Percentage type of production per grapheme-to-sound correspondence in the auditory-orthographic conditions.

Grapheme-to-sound correspondence	% type of production				N
Grapheme-to-sound correspondence	Auditory	Orthography-inducedphonological transfer	Combination	Fusion	N
<d>- [δ]	9.8%	90.2%	0.0%	0.0%	492
<ll>-[j]	89.1%	4.2%	6.8%	0.0%	960
<v>-[b]	8.4%	91.6%	0.0%	0.0%	487
<z>-[s]	37.1%	30.3%	0.0%	33.6%	502

Note: Percentages result from the total number of instances relative to trials after removing “not produced,” “deleted,” and “other” codes, as described in the analysis.

As predicted condition also constrained the proportion of auditory-orthographic combination realizations for <ll>-[j] (see Figure 2). The highest percentage combination is produced in the ortho-training condition (12.3%; count = 37), followed by ortho-training and production condition (5.6%; count = 19), and ortho-production condition (2.7%; count = 9).

Figure 2.

Percentage combination production by auditory-orthographic condition. * Denotes significance at p < 0.05, # denotes p = 0.06.

To investigate the relationship between combination productions and condition for <ll>-[j], χ² test of independence was conducted. The results of this test were significant, χ²(2) = 25.16, p < 0.001, with small effect size, Cramer’s V = 0.16. Examination of standardized residuals were then assessed to determine if there was an orthographic influence during training (Δ RE > 2). Results indicated that the proportion of combination productions in the orthography-training condition were significantly higher than in the orthography-production condition (RE = 3.9 vs. -2.8) and marginally so in the orthography-training and production condition (RE = -0.8 vs. -2.8). To confirm these results, follow-up 2x2 χ2 tests were conducted, comparing combination rates during the ortho-training condition versus the ortho-production condition, as well as the ortho-training and production versus the ortho-production condition. These follow-up tests confirmed the analysis of residuals. Rates of combination were significantly higher in the ortho-training condition than the ortho-production condition, χ²(1) = 22.25, p < 0.001, and marginally higher in the ortho-training and production condition than the ortho-production condition, χ²(1) = 3.51, p < 0.06.

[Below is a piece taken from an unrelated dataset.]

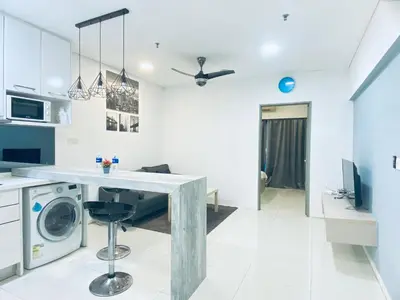 a kitchen with a washing machine in a room at Summer Suites KLCC by EASY STAY in Kuala Lumpur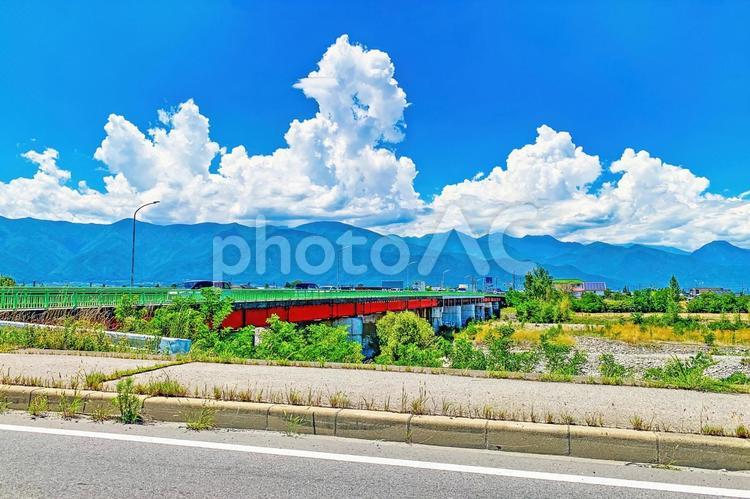 夏雲たなびく安曇野、鮮やかな緑と赤の梓橋 安曇野,夏,夏空の写真素材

With regards to the effect of position, chi-square test of independence was conducted to compare the proportion of combination production in intervocalic and initial position in words. The results of this test were significant, χ²(1) = 25.52, p < 0.001. However, the effect size of this difference was small, Cramer’s V = 0.16, with 11.0% combination productions in word-medial intervocalic position and 2.8% combination productions in word-initial position (see Figure 3). Therefore, we can conclude that proportion of combination productions is significantly higher in the intervocalic position.

Figure 3.

Percentage combination production by position. * Denotes significance at p < 0.05.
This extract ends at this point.